BEGIN INPUT DATA

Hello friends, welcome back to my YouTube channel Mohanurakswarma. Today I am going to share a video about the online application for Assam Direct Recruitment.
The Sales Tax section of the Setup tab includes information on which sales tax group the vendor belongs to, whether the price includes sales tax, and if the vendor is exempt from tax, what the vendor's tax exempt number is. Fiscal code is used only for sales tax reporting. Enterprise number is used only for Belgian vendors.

END INPUT DATA
BEGIN INPUT DATA

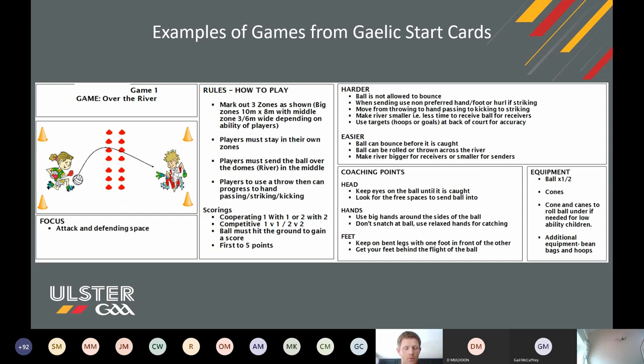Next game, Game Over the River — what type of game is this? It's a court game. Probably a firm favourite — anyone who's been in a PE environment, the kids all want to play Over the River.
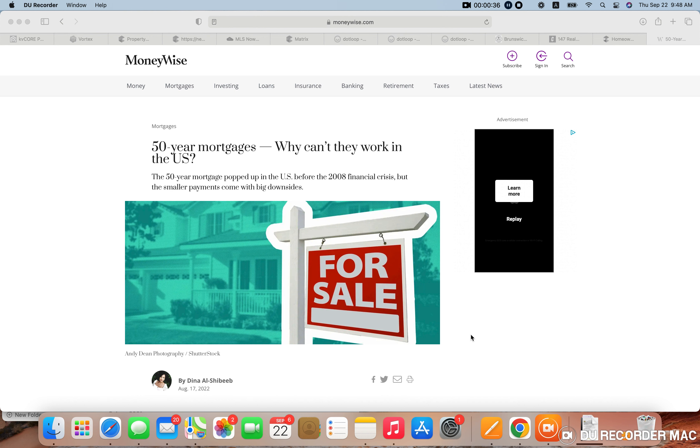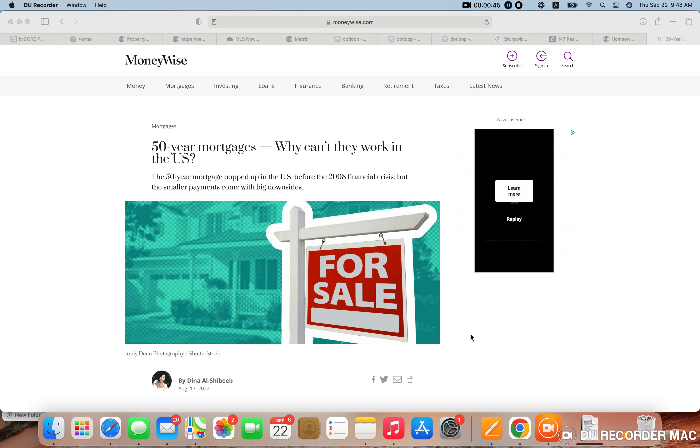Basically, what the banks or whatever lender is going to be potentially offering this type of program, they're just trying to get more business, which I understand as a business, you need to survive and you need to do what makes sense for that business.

END INPUT DATA

(TO DO): All lines above from the one containing "Hello friends, welcome" to the one containing "The Sales Tax" must be repeated exactly, both lines included, and no others.

(WRITTEN ANSWER):
Hello friends, welcome back to my YouTube channel Mohanurakswarma. Today I am going to share a video about the online application for Assam Direct Recruitment.
The Sales Tax section of the Setup tab includes information on which sales tax group the vendor belongs to, whether the price includes sales tax, and if the vendor is exempt from tax, what the vendor's tax exempt number is. Fiscal code is used only for sales tax reporting. Enterprise number is used only for Belgian vendors.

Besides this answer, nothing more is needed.